» Exercise input
□ □ □ □ □ □ □

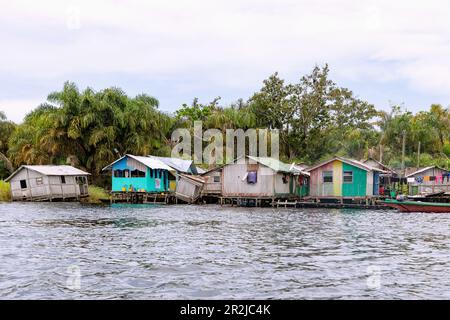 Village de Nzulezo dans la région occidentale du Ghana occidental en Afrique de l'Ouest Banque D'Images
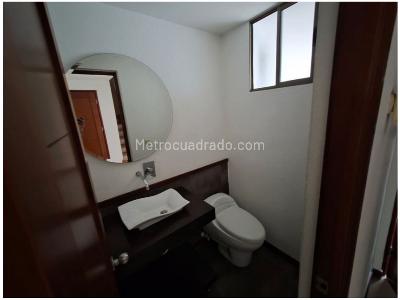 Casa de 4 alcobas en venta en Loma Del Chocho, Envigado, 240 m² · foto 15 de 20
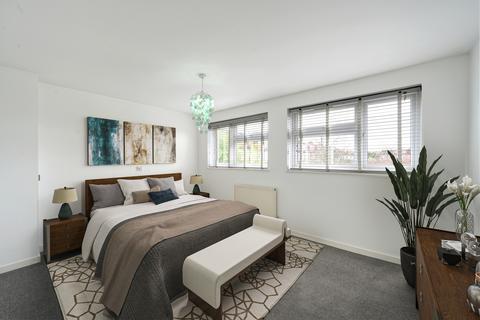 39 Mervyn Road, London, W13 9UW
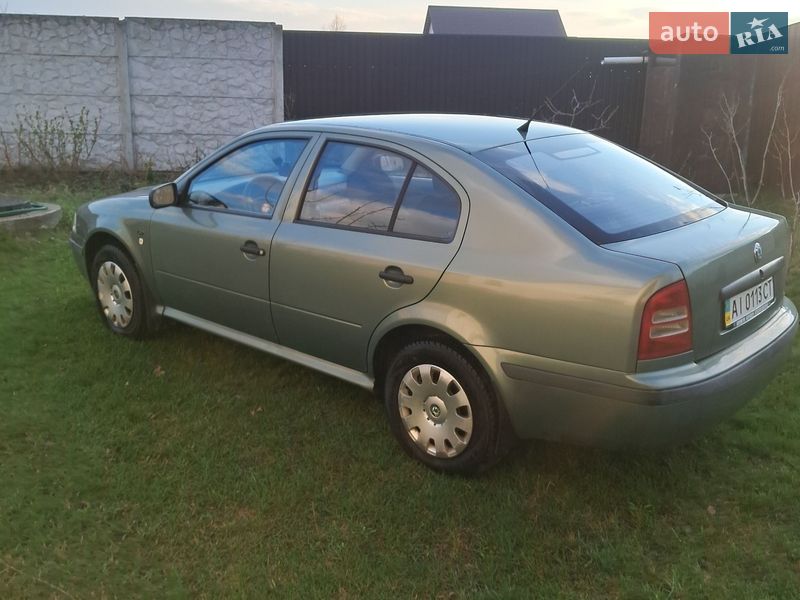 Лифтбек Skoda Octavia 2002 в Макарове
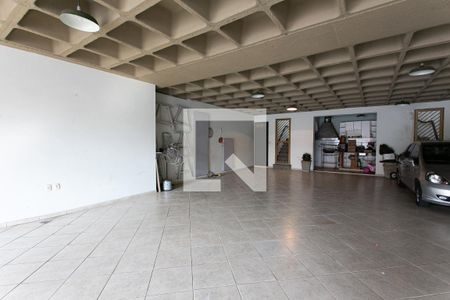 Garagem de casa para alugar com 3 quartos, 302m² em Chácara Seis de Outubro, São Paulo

□ □ □ □ □ □ □

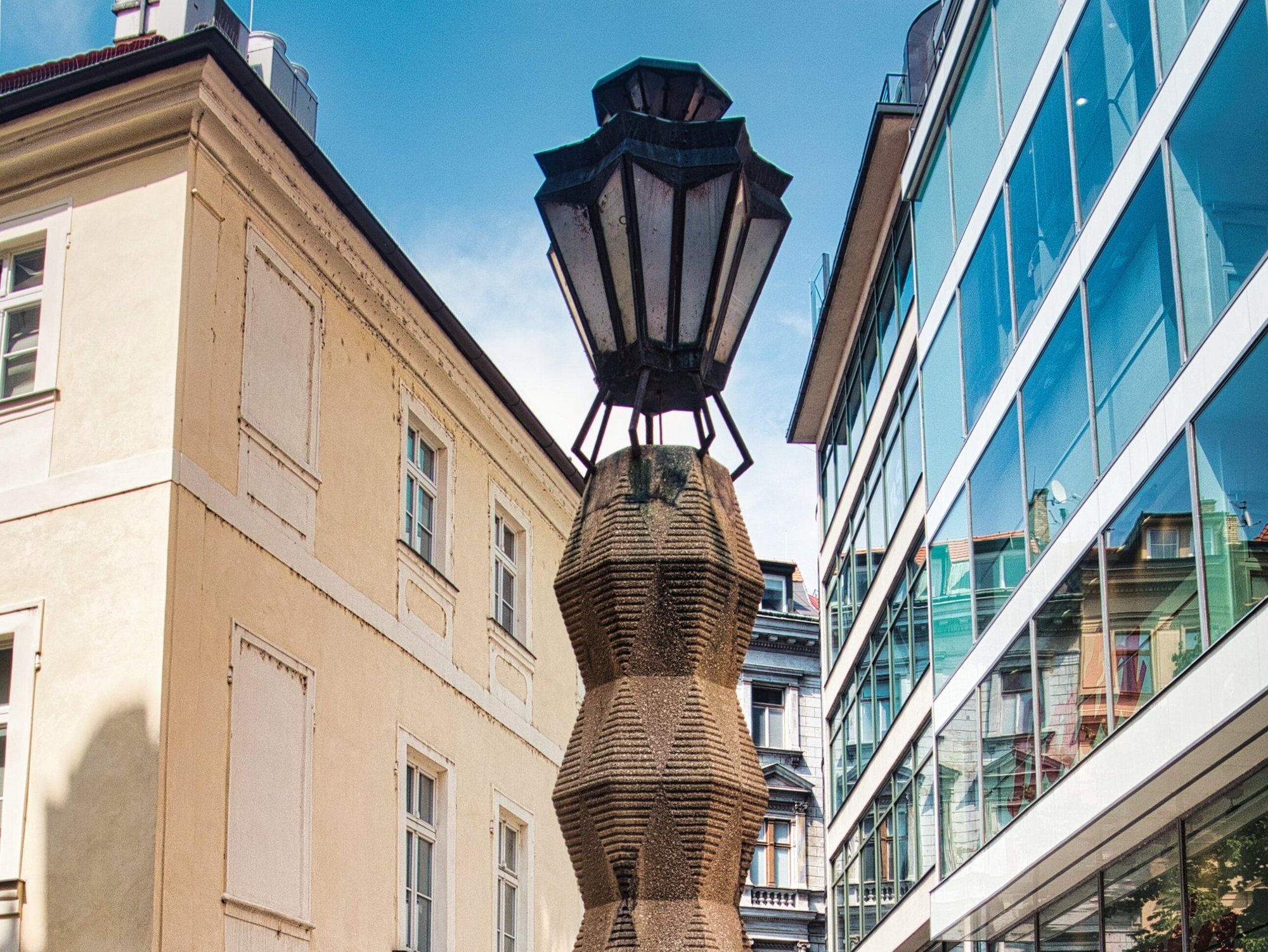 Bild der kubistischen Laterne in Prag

□ □ □ □ □ □ □

Restate word for word every line from the one with "Village de Nzulezo" up to and including the one with "Garagem de casa" in the records above, minus the pictures.

 Village de Nzulezo dans la région occidentale du Ghana occidental en Afrique de l'Ouest Banque D'Images
 Casa de 4 alcobas en venta en Loma Del Chocho, Envigado, 240 m² · foto 15 de 20
 39 Mervyn Road, London, W13 9UW
 Лифтбек Skoda Octavia 2002 в Макарове
 Garagem de casa para alugar com 3 quartos, 302m² em Chácara Seis de Outubro, São Paulo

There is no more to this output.